A group of Chinese researchers, who reported evidence that XBB.1.5 can more easily evade protection, said that the circulation of the strain “needs to be closely monitored, and the development of effective neutralizing antibodies and vaccines against XBB.1.5 is urgently needed.”
“Based on its genetic characteristics and growth rate estimates, XBB.1.5 is likely to contribute to increases in case incidence globally. There is moderate-strength evidence for increased risk of transmission and immune escape. From reports by several countries, no early signals of increases in severity have been observed,” the World Health Organization stated in a risk assessment (pdf), though it acknowledged that the low number of cases caused by the strain does not enable a confident assessment of severity.
New York officials claimed in January that XBB.1.5 “may be more likely to infect people who have been vaccinated or already had COVID-19,” later adding that they meant compared to prior variants. When asked for evidence to back up the claim, a spokesperson declined to provide any.
Authorization Revoked as XBB Becomes Dominant
Regulators have not yet altered authorizations or approvals for vaccines, but the U.S. Food and Drug Administration (FDA) yanked authorization for Evusheld, a monoclonal antibody treatment, because it said the drug wouldn’t work against XBB.1.5 and other emerging subvariants.
XBB.1.5, an Omicron subvariant like BA.5, was estimated to be behind 66.4 percent of the COVID-19 cases in the United States in the week ending Feb. 4, according to genomic sequencing and other data.
BA.5 was the dominant strain until late 2022, when it was displaced by BQ.1.1 and BQ.1. Those Omicron subvariants make up about a quarter of the cases.
The bivalent vaccines were cleared in part because the vaccines had been performing increasingly worse against Omicron and its subvariants.

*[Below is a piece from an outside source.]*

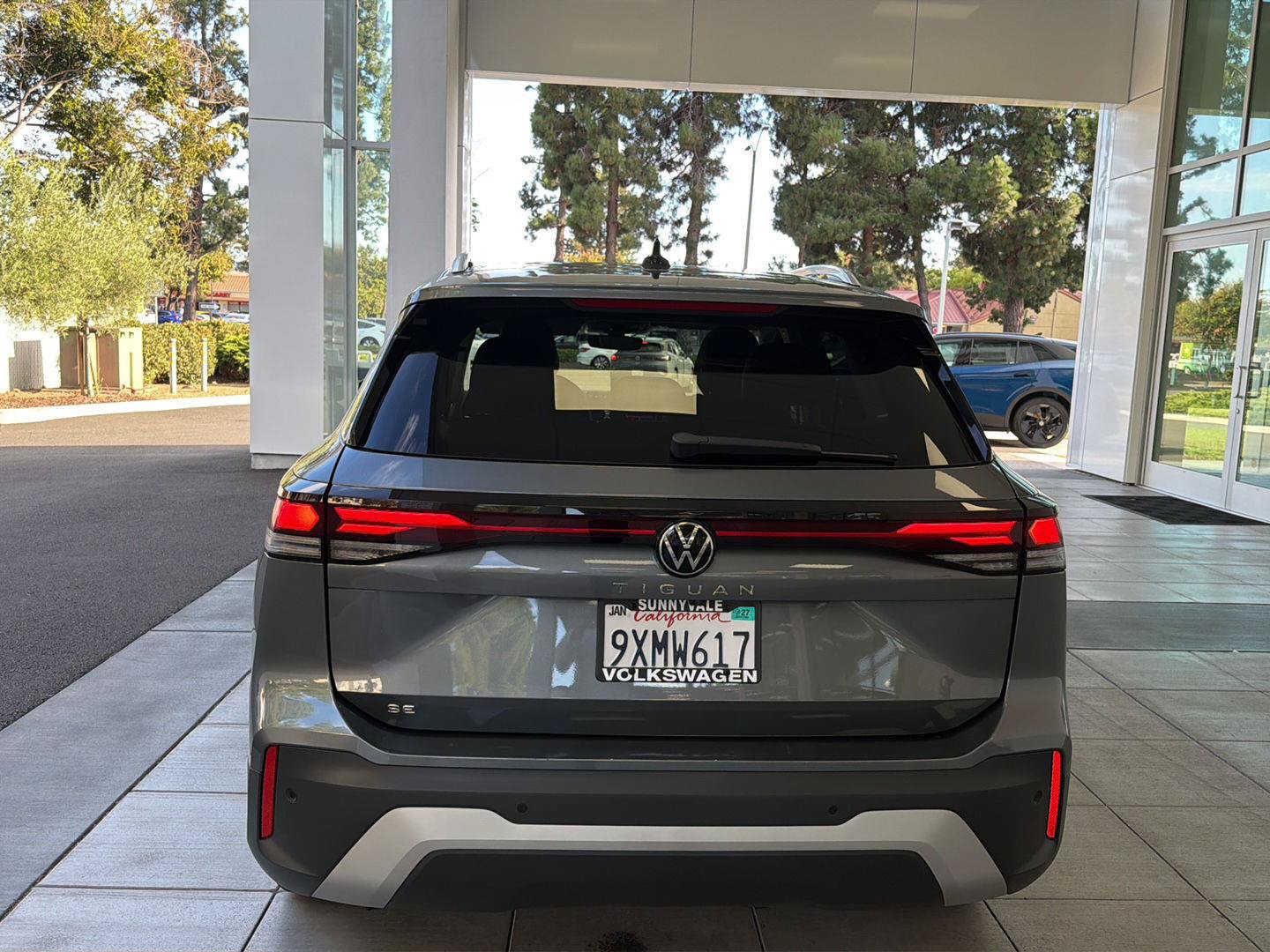 Certified 2026 Volkswagen Tiguan SE w/ Panoramic Sunroof Package FWD image 4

Regulators chose not to wait for clinical data despite widespread warnings that authorizing the shots without the data would further undermine confidence in the COVID-19 vaccines.

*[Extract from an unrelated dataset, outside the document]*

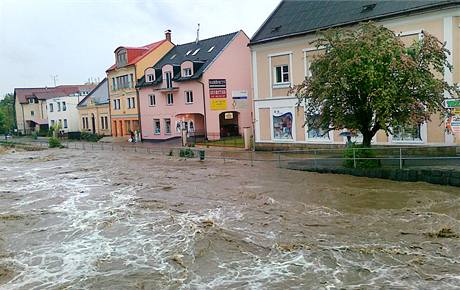 Zatopen centrum Valaskho Mezi. (17. kvtna 2010)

The FDA met with its advisory panel in January but none of the vaccine makers that made presentations during the meeting, including Pfizer and Moderna, presented clinical efficacy data. Officials from the companies alleged that testing data indicated the vaccines work against XBB.
CDC researchers, drawing from testing data, estimated similar vaccine effectiveness (VE) against XBB and BA.5.
For people aged 18 to 49, for instance, the relative effectiveness against symptomatic infection was estimated at 52 percent two to three months after a bivalent booster against the latter and 48 percent against the former.
Relative effectiveness means effectiveness beyond the initial shots, which provide little protection against symptomatic infection.
“‘Generally, VE against symptomatic infection is similar for the two sub lineages and across age groups,” Dr. Ruth Link-Gelles, a CDC researcher and co-author of the report, told the FDA’s advisory panel.
“We’re continuing to monitor this as XBB.1.5 continues to increase nationally,” she added.
Researchers drew from the Increasing Community Access to Testing program, which provides free COVID-19 testing at CBS, Walmart, and other places.